### Problem to solve
Transcribe the whole listing below without changing a word, but leave out every image.

### Data block
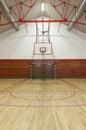 Retro indoor gymnasium Royalty Free Stock Photo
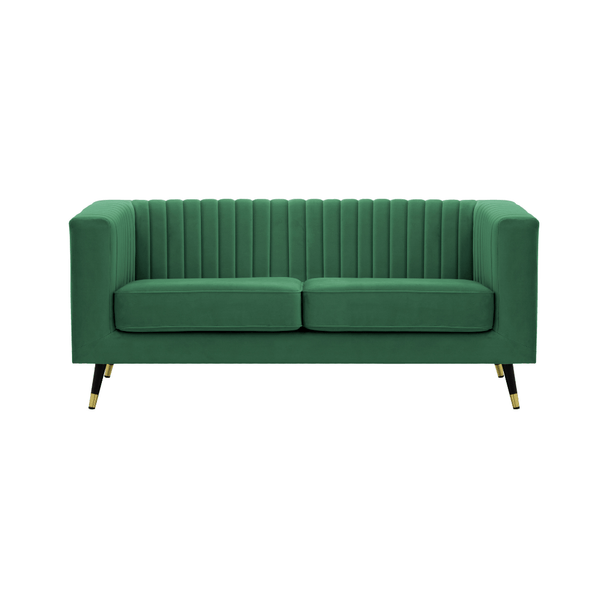 Capri 2 Seater Sofa Dark Green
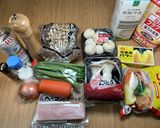 きのこ3種インゲン添えクリームシチュー作り方1写真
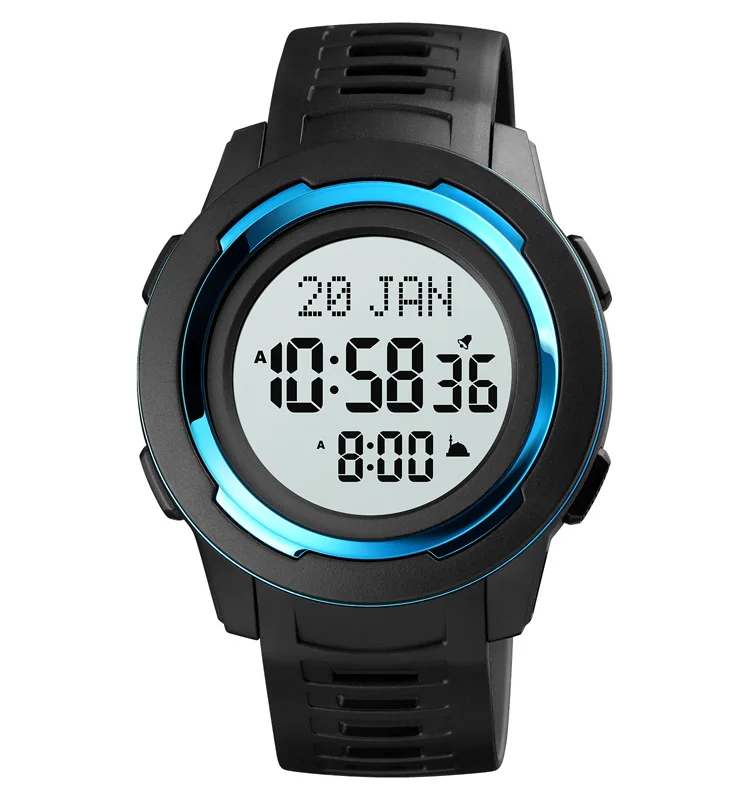 

Skmei 1729 New Muslim Prayer montre watch PU Band Sport Islamic Azan Wrist Watch for Men, 6 colors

### Task response
 Retro indoor gymnasium Royalty Free Stock Photo
 Capri 2 Seater Sofa Dark Green
 きのこ3種インゲン添えクリームシチュー作り方1写真

Skmei 1729 New Muslim Prayer montre watch PU Band Sport Islamic Azan Wrist Watch for Men, 6 colors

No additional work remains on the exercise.